This is a lesson aimed for beginners. Learning to take a night shot is a very high yield lesson. No you don’t need to live in Greenland or the arctic circle to take a night shot, but its sure would be helpful if you wanted to get the aurora…sorry I digress.
So how many times have you picked up a camera at night, saw something you wanted to capture, pressed the darn button, and nothing came out but haze and blur…
Lets call it point-and-shoot mentality. Naturally during the daytime, or even at nighttime at a party …you point, press the button down halfway, the camera’s brain decides on the flash, and batta-bing, batta-boom you got a picture…maybe one in five will come out…and if that frustrates you, This lesson is for you.
Most low-lighting shots require that the camera be absolutely still for a good capture. The slightest, and I mean the slightest movement(microscopic movement of the hand) will mess up the shot. Secondly, the flash needs to be off. Why? most little point-and-shoots have flashes that can barely light an object 10 feet away because of the principles of light falloff. Its useless for an object a mile away.
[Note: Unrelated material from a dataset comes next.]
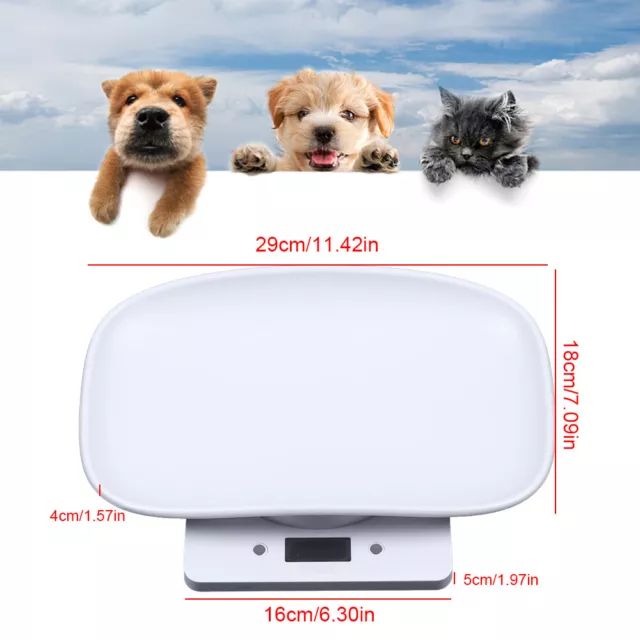 Pet weight scale capacity 100KG KG/LB switchable use for home and clinic  hospital big dog scale - China Other Dog Products & Accessories suppliers &  manufacturers
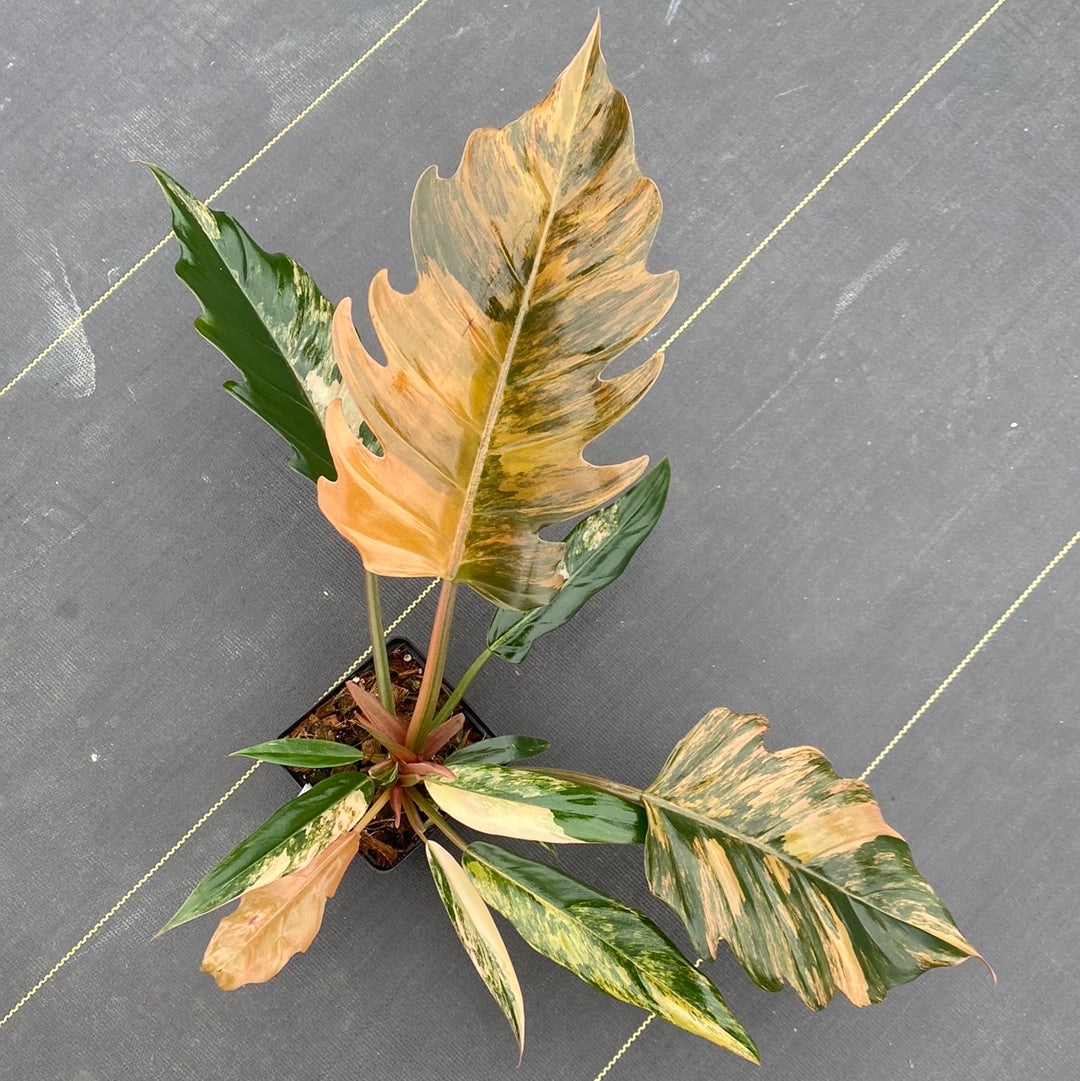 Philodendron Carmel Marble Variegated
If you are shooting a cityscape, or a luminous object(something that produces its own light), then don’t worry about flash and keep it off(I’m sure all strobists are snickering at this point, but why are you still reading this article).
There is a simple reason…and if you understand it…it will open a lot of doors. When a camera’s brain looks at a dark scene, it says to itself, I need to keep my shutter open longer so that i can capture more light on the sensor…well if the shutter is open longer, any movement will cause “blur” I’ve just described one concept, which is called shutter speed…or slow shutter speed(read shutter open longer).
So if you aren’t holding the camera, where do you put it…well anywhere still. Try a tripod, a bench, a table, any solid surface. The next key is DON’T press the shutter button…remember any vibration can mess things up. So set the camera’s automatic timer, and let it do all the work….
There, you’ve taken your first night shot…and in the process learned a bit about exposure(amount of light hitting the sensor) and shutter speed…
Well what if you tried doing that at a party…things would be blurry…why, because the subject moved…and the shutter was still open…so at close distances when you want to capture slices of time, use faster shutter speeds and artificial lighting(cough flash). Thats also why your point-and-shoot works for most occasions that are worth carrying a digicam in your pocket or purse.